[Entries taken from a collection]
════

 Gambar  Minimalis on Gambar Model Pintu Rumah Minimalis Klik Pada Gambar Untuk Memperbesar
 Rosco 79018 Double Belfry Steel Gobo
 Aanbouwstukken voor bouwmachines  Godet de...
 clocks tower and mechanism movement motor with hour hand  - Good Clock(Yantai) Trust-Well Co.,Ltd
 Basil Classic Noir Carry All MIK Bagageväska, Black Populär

════

* **What to do**: From the opening line of the data above, please print each line as written up to and including the line that contains "clocks tower and", and nothing more.

* **Task response**:
 Gambar  Minimalis on Gambar Model Pintu Rumah Minimalis Klik Pada Gambar Untuk Memperbesar
 Rosco 79018 Double Belfry Steel Gobo
 Aanbouwstukken voor bouwmachines  Godet de...
 clocks tower and mechanism movement motor with hour hand  - Good Clock(Yantai) Trust-Well Co.,Ltd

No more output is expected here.